Martin picked up his pen again, a clear sign of dismissal.
"Bridget will oversee Benjamin’s care from now on. I will make sure she adheres to the official schedule that you had set with Nannette, and no additional visits. Am I clear?"
Elise's jaw clenched, but she had no leverage or recourse, so she simply nodded and turned on her heel and marched back up the stairs.
She was no longer permitted to leave the house with Ben without telling Bridget, who told Martin. She discovered this not from any announcement but from the consequence: she tried, once, to take Ben for an afternoon walk along the garden avenue, just the two of them, and she was already at the gate when Bridget appeared on the front steps calling after her, and behind Bridget was one of the new footmen, and the footman said nothing but stood there looking intimidating, and Elise understood, she was no longer free.
Emma was similarly constrained, though more subtly. She was still permitted her social calls, her visits to friends, the ordinary movements of a young woman in society. But Martin began accompanying her to certain engagements, or sending Margaret, and the calls she was allowed to make alone grew shorter and less frequent. As each day crawled by she felt more and more as if the walls were closing in on her and that perhaps this had all been a mistake.
Relief came one morning when a letter arrived for her, tucked among the household correspondence that the new footman left in a small silver tray on the hall table each morning. Elise almost missed it. She had come downstairs early, before the others, and she saw her own name written in a familiar hand. She snatched it before anyone else could see and stashed it in her dressing gown pocket.
She waited until she was back in her room, until the house was fully awake and the sounds of breakfast had begun below, until she was certain no one would come. Then she sat at the writing desk and opened it.
Miss E.B. —
I am not much for writing letters, as you well know, so I will keep this short. Our tenancy at the old place has ended, and our family has moved on to a new residence. We are residing in an old saw mill, eight miles east of Blackwater. There is a small burnt-out farm halfway between here and the town. I thought you should know, should you wish to return.

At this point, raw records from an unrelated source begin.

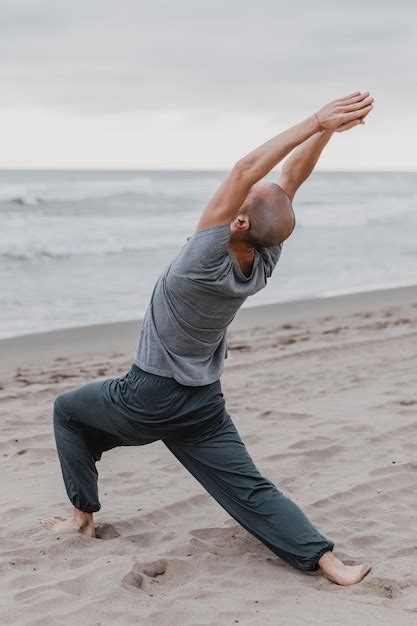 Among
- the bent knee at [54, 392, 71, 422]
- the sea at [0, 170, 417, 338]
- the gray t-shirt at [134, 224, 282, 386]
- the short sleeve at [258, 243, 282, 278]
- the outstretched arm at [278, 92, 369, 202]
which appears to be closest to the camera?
the gray t-shirt at [134, 224, 282, 386]

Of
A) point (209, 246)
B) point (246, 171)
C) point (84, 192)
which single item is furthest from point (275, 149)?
point (84, 192)

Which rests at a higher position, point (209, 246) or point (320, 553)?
point (209, 246)

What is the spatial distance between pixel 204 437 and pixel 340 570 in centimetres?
82

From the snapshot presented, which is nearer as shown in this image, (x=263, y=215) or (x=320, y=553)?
(x=263, y=215)

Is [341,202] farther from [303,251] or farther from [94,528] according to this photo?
[94,528]

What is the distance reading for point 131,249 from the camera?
20.9m

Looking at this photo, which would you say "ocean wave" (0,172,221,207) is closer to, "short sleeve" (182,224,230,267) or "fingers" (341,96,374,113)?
"short sleeve" (182,224,230,267)

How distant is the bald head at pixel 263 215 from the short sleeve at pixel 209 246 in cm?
14

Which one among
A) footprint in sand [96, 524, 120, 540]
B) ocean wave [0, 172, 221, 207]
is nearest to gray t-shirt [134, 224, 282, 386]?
footprint in sand [96, 524, 120, 540]

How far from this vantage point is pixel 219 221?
3.44 meters

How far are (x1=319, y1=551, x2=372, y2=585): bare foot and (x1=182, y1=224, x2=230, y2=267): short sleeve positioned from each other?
141 centimetres

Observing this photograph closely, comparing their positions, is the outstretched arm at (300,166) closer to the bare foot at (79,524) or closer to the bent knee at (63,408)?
the bent knee at (63,408)

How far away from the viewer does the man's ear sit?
11.7ft

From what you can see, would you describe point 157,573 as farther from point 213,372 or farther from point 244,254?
point 244,254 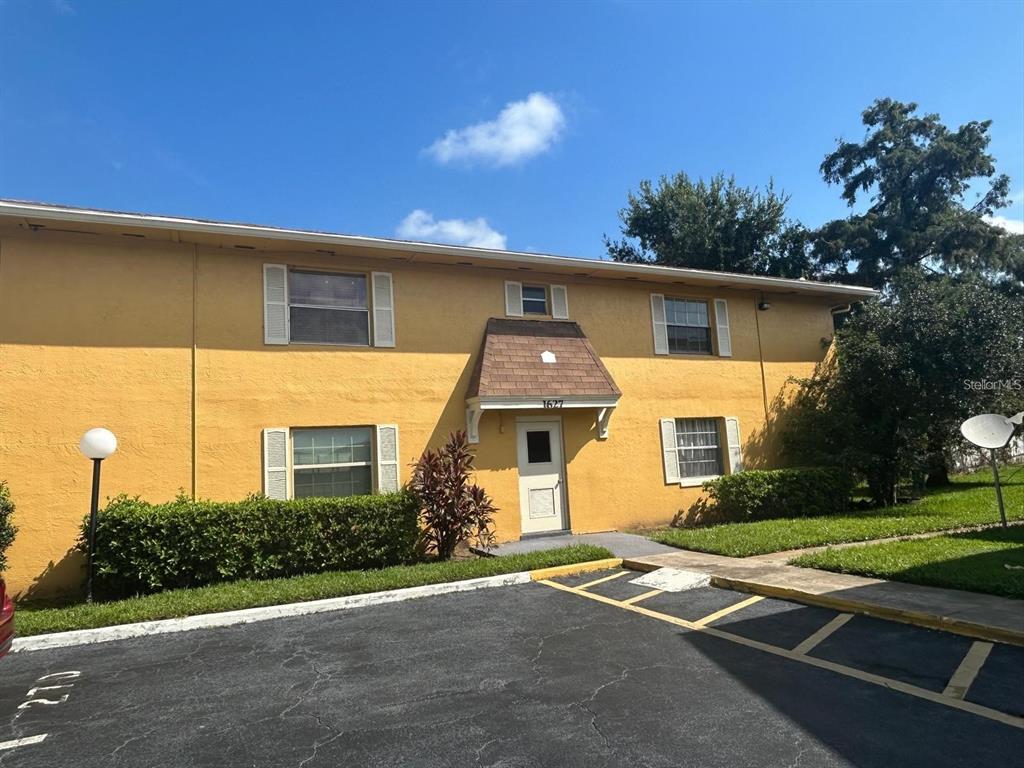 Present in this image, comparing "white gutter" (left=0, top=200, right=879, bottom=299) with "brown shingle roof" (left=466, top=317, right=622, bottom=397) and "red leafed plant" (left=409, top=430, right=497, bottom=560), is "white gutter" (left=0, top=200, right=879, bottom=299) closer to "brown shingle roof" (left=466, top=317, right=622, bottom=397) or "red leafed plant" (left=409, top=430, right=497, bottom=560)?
"brown shingle roof" (left=466, top=317, right=622, bottom=397)

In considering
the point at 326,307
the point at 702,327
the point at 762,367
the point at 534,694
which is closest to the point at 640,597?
the point at 534,694

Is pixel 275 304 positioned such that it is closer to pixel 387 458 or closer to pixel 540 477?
pixel 387 458

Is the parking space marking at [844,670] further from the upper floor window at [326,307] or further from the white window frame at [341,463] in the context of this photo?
the upper floor window at [326,307]

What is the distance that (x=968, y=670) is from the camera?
180 inches

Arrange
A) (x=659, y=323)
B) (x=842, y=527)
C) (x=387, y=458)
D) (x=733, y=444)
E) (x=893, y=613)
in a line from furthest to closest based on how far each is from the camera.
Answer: (x=733, y=444)
(x=659, y=323)
(x=842, y=527)
(x=387, y=458)
(x=893, y=613)

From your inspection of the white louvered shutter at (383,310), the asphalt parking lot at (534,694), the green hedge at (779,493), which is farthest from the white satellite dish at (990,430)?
the white louvered shutter at (383,310)

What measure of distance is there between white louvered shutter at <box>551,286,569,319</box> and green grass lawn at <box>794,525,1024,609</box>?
603 cm

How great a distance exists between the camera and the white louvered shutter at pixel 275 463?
9.58 metres

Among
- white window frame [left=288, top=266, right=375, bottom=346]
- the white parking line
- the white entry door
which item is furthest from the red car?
the white entry door

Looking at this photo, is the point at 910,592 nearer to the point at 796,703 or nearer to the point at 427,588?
the point at 796,703

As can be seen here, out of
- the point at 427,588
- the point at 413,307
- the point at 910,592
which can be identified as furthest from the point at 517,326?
the point at 910,592

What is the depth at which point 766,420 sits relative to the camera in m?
14.1

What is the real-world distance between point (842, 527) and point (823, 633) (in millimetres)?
5737

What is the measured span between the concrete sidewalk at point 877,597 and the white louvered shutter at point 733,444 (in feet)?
16.0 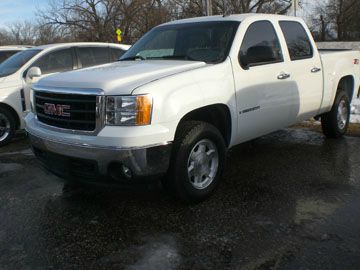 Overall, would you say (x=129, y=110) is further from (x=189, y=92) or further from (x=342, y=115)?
(x=342, y=115)

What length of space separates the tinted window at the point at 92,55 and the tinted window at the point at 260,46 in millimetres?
4513

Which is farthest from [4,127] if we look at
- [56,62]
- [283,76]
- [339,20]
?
[339,20]

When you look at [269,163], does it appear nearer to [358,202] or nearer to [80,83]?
[358,202]

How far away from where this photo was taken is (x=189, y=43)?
17.0 feet

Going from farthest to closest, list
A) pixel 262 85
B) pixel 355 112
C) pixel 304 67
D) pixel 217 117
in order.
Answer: pixel 355 112, pixel 304 67, pixel 262 85, pixel 217 117

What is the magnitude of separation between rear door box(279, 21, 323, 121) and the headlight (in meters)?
2.48

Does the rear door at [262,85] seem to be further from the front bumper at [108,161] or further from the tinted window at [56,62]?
the tinted window at [56,62]

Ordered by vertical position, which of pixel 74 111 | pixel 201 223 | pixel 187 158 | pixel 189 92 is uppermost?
pixel 189 92

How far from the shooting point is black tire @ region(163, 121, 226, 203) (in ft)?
13.3

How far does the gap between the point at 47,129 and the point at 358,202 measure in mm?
3143

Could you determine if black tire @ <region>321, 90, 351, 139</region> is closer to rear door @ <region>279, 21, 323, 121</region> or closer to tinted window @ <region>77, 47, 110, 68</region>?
rear door @ <region>279, 21, 323, 121</region>

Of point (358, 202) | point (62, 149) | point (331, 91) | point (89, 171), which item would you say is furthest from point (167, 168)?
point (331, 91)

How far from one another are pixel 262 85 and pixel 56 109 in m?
2.29

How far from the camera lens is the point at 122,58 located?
5.64m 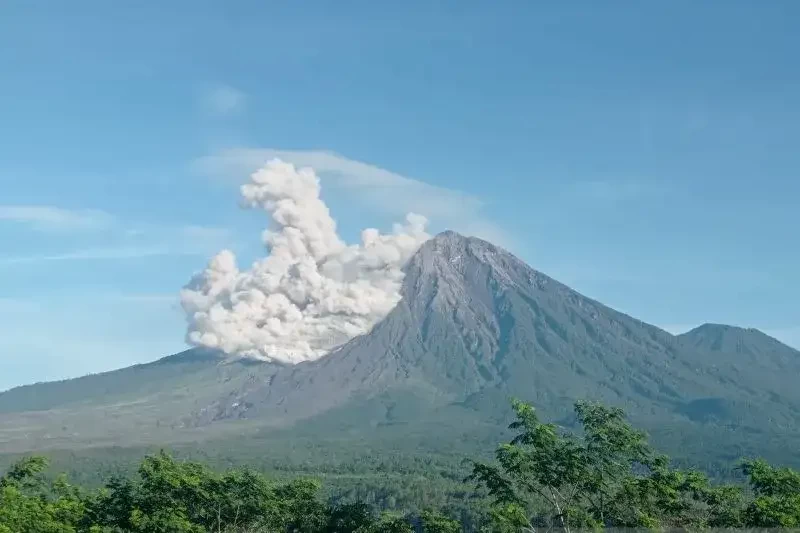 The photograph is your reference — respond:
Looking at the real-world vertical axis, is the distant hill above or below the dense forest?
above

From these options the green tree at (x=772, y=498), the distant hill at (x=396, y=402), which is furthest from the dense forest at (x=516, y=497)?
the distant hill at (x=396, y=402)

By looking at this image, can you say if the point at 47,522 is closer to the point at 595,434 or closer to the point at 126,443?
the point at 595,434

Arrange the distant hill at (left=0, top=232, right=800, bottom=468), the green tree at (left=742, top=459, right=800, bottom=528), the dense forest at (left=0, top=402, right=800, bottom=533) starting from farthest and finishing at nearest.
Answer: the distant hill at (left=0, top=232, right=800, bottom=468) < the dense forest at (left=0, top=402, right=800, bottom=533) < the green tree at (left=742, top=459, right=800, bottom=528)

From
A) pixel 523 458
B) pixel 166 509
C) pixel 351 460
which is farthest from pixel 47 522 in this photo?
pixel 351 460

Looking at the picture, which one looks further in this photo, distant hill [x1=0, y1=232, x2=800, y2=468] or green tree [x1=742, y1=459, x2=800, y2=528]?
distant hill [x1=0, y1=232, x2=800, y2=468]

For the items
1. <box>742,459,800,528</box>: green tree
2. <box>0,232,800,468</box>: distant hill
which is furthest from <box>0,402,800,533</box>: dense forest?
<box>0,232,800,468</box>: distant hill

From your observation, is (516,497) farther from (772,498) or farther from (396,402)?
(396,402)

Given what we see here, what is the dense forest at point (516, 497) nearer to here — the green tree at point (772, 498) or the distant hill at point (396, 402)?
the green tree at point (772, 498)

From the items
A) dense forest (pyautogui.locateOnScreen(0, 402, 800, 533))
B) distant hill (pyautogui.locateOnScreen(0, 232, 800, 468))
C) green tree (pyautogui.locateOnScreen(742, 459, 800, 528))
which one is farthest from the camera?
distant hill (pyautogui.locateOnScreen(0, 232, 800, 468))

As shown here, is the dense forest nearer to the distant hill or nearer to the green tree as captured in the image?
the green tree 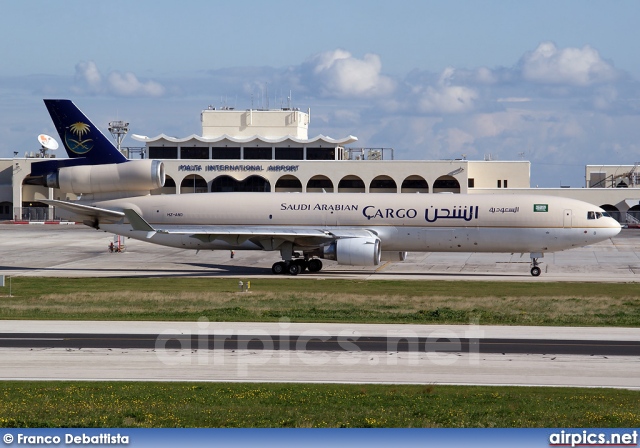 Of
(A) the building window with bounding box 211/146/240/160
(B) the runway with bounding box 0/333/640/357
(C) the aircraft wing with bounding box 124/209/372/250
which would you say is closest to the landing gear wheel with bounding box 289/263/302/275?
(C) the aircraft wing with bounding box 124/209/372/250

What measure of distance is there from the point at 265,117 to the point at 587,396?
90.2m

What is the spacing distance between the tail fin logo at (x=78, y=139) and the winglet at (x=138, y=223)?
6373mm

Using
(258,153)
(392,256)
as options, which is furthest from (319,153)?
(392,256)

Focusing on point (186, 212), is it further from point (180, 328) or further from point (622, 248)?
point (622, 248)

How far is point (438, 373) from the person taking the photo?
22.7 meters

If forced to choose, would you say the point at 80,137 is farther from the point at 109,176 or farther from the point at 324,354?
the point at 324,354

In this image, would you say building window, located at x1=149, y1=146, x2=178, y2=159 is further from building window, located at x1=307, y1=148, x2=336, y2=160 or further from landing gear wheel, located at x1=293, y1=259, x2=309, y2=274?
landing gear wheel, located at x1=293, y1=259, x2=309, y2=274

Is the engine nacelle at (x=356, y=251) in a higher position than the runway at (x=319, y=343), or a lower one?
higher

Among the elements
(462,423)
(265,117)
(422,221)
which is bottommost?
(462,423)

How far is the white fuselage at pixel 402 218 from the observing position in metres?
50.3

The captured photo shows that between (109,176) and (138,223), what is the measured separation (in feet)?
18.1

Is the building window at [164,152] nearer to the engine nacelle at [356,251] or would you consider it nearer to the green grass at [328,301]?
the green grass at [328,301]

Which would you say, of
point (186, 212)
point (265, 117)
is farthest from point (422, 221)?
point (265, 117)

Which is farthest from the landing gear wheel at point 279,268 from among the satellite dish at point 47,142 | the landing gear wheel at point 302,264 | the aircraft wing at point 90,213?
the satellite dish at point 47,142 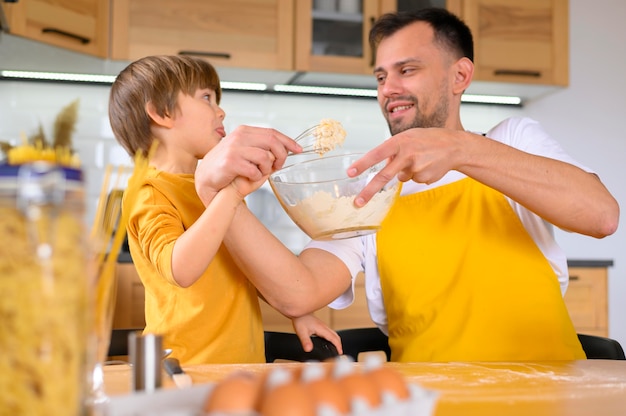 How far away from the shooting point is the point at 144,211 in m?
1.40

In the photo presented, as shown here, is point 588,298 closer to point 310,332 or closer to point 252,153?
point 310,332

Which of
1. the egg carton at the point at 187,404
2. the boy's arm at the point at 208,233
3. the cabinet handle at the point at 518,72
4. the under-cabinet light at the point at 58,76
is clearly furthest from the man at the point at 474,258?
the under-cabinet light at the point at 58,76

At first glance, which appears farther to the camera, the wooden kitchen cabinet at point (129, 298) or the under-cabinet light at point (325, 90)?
the under-cabinet light at point (325, 90)

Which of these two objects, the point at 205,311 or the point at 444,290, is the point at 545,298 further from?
→ the point at 205,311

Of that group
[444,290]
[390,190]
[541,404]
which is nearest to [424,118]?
[444,290]

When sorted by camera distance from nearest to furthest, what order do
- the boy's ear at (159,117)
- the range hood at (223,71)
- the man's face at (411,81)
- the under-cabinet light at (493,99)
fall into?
1. the boy's ear at (159,117)
2. the man's face at (411,81)
3. the range hood at (223,71)
4. the under-cabinet light at (493,99)

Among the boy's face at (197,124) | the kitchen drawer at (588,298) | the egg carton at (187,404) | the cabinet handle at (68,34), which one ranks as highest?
the cabinet handle at (68,34)

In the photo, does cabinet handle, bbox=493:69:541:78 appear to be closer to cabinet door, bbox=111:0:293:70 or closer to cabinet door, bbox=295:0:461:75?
cabinet door, bbox=295:0:461:75

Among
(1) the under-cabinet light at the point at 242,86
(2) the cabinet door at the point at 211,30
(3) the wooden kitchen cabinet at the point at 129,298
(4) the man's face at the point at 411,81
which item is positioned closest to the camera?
(4) the man's face at the point at 411,81

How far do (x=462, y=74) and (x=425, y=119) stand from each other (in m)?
0.21

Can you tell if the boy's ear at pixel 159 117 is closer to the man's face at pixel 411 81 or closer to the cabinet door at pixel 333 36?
the man's face at pixel 411 81

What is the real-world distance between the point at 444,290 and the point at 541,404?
2.49ft

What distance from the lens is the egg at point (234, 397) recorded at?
44 cm

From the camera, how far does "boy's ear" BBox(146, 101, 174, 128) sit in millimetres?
1611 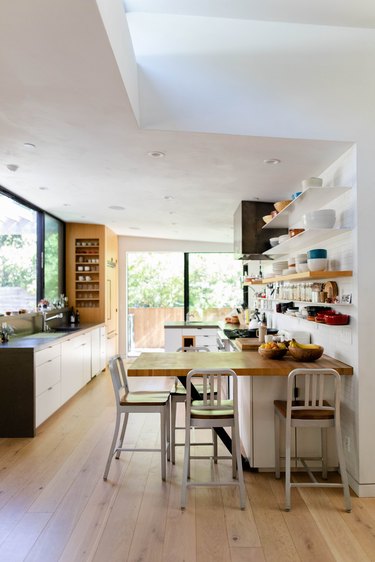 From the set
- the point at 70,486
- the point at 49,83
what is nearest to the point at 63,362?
the point at 70,486

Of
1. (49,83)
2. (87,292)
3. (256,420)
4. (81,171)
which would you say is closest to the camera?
(49,83)

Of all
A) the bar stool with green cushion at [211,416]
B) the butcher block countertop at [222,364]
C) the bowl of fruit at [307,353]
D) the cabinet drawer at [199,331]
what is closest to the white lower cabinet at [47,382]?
the butcher block countertop at [222,364]

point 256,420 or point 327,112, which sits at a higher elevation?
point 327,112

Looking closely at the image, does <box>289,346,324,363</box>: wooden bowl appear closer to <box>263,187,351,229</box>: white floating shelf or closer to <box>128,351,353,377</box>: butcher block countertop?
<box>128,351,353,377</box>: butcher block countertop

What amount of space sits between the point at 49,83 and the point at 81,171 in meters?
1.61

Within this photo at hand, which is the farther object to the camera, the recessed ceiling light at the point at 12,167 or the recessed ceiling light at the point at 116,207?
the recessed ceiling light at the point at 116,207

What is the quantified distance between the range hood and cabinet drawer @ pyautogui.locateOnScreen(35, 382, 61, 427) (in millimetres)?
2693

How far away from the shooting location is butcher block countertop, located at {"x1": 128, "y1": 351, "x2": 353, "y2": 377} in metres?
2.73

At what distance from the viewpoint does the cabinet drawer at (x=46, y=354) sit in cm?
388

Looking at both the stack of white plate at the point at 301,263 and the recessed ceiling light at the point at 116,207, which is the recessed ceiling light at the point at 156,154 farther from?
the recessed ceiling light at the point at 116,207

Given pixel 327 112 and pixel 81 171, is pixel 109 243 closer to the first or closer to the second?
pixel 81 171

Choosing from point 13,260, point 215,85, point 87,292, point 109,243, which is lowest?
point 87,292

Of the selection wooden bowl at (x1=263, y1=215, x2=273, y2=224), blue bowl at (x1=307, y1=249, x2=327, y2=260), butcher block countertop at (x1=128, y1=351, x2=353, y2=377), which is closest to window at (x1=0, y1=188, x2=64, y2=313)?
butcher block countertop at (x1=128, y1=351, x2=353, y2=377)

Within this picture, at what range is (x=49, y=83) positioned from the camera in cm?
221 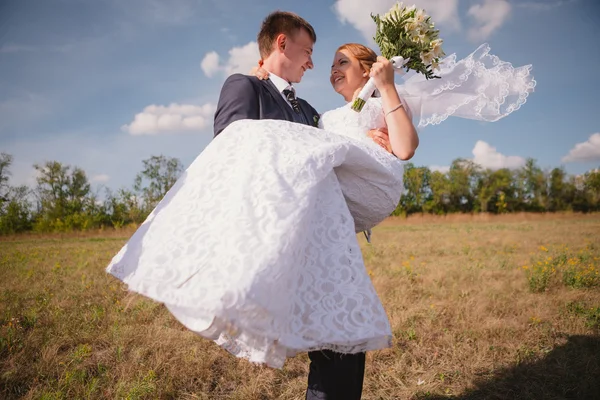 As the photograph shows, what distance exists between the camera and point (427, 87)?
9.47 feet

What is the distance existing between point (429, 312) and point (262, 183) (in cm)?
413

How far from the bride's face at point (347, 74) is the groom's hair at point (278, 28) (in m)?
0.35

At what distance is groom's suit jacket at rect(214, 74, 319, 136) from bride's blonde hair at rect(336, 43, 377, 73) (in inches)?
32.9

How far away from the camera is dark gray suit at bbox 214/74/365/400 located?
171 centimetres

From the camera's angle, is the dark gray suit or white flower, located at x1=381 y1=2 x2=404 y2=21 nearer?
the dark gray suit

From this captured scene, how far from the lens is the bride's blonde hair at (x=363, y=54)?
8.53ft

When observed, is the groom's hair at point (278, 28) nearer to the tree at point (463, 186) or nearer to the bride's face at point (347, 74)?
the bride's face at point (347, 74)

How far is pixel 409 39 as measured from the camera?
2.64 meters

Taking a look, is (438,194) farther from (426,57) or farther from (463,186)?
(426,57)

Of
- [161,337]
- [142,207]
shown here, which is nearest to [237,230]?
[161,337]

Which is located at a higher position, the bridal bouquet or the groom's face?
the bridal bouquet

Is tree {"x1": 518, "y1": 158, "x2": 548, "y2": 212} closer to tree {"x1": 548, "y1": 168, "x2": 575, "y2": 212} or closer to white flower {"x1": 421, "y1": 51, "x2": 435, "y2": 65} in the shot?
tree {"x1": 548, "y1": 168, "x2": 575, "y2": 212}

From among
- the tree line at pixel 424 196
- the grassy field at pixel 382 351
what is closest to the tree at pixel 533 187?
the tree line at pixel 424 196

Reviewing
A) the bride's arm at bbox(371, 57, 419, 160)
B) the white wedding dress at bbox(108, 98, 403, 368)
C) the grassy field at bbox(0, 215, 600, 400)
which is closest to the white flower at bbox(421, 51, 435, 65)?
the bride's arm at bbox(371, 57, 419, 160) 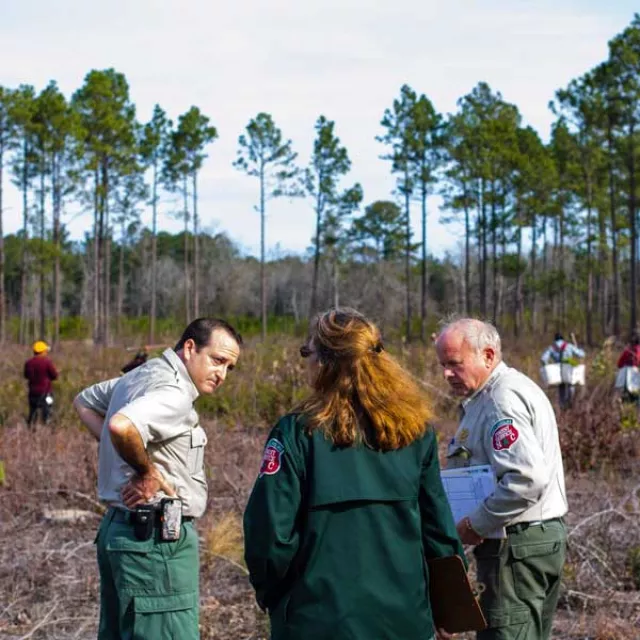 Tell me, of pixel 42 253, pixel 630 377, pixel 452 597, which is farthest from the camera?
pixel 42 253

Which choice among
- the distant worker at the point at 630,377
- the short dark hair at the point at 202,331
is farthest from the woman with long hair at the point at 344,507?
the distant worker at the point at 630,377

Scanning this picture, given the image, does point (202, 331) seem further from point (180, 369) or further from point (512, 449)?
point (512, 449)

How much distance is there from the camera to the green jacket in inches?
115

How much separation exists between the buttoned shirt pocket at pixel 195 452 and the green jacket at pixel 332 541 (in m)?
1.36

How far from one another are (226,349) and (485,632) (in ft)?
5.33

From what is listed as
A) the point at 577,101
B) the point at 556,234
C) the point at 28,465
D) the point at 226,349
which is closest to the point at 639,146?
the point at 577,101

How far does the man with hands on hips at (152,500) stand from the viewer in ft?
13.2

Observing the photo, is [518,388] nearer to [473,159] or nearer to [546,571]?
[546,571]

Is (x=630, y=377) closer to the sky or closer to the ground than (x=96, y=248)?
closer to the ground

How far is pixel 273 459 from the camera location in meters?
2.96

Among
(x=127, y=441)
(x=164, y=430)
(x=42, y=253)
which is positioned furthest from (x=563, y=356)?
(x=42, y=253)

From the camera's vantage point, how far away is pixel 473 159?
48.2 metres

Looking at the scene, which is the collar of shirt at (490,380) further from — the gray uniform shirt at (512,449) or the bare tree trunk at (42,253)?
the bare tree trunk at (42,253)

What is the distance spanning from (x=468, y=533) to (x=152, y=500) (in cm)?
127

I am going to say something, and I ask you to take it in the spirit it is meant, which is plain and honest and nothing else.
I miss you. I miss him. I think about the two of you damn near every moment and that is the truth of it. Not every hour — every moment. I have been thinking about what we spoke of before you left, and I want you to know that you and the boy are always on my mind, even when those thoughts become too painful to bear.
I wish desperately to see you again, but if you do not wish to return, I understand that, too.
Sincerely,
All my best,
Love,
— A.M.
She reread the letter several times. Then she folded it along its original crease and held it in her lap, willing herself not to cry at the thought of Arthur sitting alone writing such a melancholic letter. She put the letter in the inner pocket of her dressing case, beneath her handkerchiefs, where it would not be found. She put the letter in the inner pocket of her dressing case, beneath her handkerchiefs, where it would not be found.
She did not write back. Not yet. Not when Martin was looking for her to slip up and reveal herself.
Later that evening, she had been sulking around the house, looking for vulnerabilities in Martin’s lock down, when she heard raised voices coming from her father’s office. She paused outside the door, which had been left ajar.
"—my father's business," Richie shouted. His voice was less drunk than usual but still had that fraying quality. "I'm the heir. Not your employee, the actual heir, and I'm not going to stand here and—"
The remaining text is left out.